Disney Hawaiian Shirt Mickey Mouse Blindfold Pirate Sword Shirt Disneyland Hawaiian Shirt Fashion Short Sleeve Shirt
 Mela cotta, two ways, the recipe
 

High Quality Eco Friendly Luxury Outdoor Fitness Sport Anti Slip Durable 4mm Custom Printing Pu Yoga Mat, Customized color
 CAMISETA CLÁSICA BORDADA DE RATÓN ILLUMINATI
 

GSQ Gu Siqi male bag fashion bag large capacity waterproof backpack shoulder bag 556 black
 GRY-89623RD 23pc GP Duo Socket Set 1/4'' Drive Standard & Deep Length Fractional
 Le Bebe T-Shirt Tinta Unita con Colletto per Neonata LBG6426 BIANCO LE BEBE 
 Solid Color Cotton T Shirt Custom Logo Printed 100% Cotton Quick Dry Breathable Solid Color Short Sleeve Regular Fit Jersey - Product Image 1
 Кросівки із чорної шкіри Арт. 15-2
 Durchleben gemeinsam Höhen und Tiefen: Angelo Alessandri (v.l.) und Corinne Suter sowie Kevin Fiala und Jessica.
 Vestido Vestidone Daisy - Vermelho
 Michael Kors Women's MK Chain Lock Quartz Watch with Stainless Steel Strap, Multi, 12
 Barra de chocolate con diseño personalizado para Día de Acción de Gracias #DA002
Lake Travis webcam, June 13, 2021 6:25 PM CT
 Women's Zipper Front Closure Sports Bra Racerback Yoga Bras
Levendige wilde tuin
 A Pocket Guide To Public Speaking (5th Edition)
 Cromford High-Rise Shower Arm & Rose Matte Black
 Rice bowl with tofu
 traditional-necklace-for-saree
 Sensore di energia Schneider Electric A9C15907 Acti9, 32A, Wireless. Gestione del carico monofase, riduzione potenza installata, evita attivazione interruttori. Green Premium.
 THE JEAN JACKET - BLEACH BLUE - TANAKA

## ACTIVITY:
From the first line through the last, repeat the entries exactly.

## ANSWER SECTION:
Disney Hawaiian Shirt Mickey Mouse Blindfold Pirate Sword Shirt Disneyland Hawaiian Shirt Fashion Short Sleeve Shirt
 Mela cotta, two ways, the recipe
 

High Quality Eco Friendly Luxury Outdoor Fitness Sport Anti Slip Durable 4mm Custom Printing Pu Yoga Mat, Customized color
 CAMISETA CLÁSICA BORDADA DE RATÓN ILLUMINATI
 

GSQ Gu Siqi male bag fashion bag large capacity waterproof backpack shoulder bag 556 black
 GRY-89623RD 23pc GP Duo Socket Set 1/4'' Drive Standard & Deep Length Fractional
 Le Bebe T-Shirt Tinta Unita con Colletto per Neonata LBG6426 BIANCO LE BEBE 
 Solid Color Cotton T Shirt Custom Logo Printed 100% Cotton Quick Dry Breathable Solid Color Short Sleeve Regular Fit Jersey - Product Image 1
 Кросівки із чорної шкіри Арт. 15-2
 Durchleben gemeinsam Höhen und Tiefen: Angelo Alessandri (v.l.) und Corinne Suter sowie Kevin Fiala und Jessica.
 Vestido Vestidone Daisy - Vermelho
 Michael Kors Women's MK Chain Lock Quartz Watch with Stainless Steel Strap, Multi, 12
 Barra de chocolate con diseño personalizado para Día de Acción de Gracias #DA002
Lake Travis webcam, June 13, 2021 6:25 PM CT
 Women's Zipper Front Closure Sports Bra Racerback Yoga Bras
Levendige wilde tuin
 A Pocket Guide To Public Speaking (5th Edition)
 Cromford High-Rise Shower Arm & Rose Matte Black
 Rice bowl with tofu
 traditional-necklace-for-saree
 Sensore di energia Schneider Electric A9C15907 Acti9, 32A, Wireless. Gestione del carico monofase, riduzione potenza installata, evita attivazione interruttori. Green Premium.
 THE JEAN JACKET - BLEACH BLUE - TANAKA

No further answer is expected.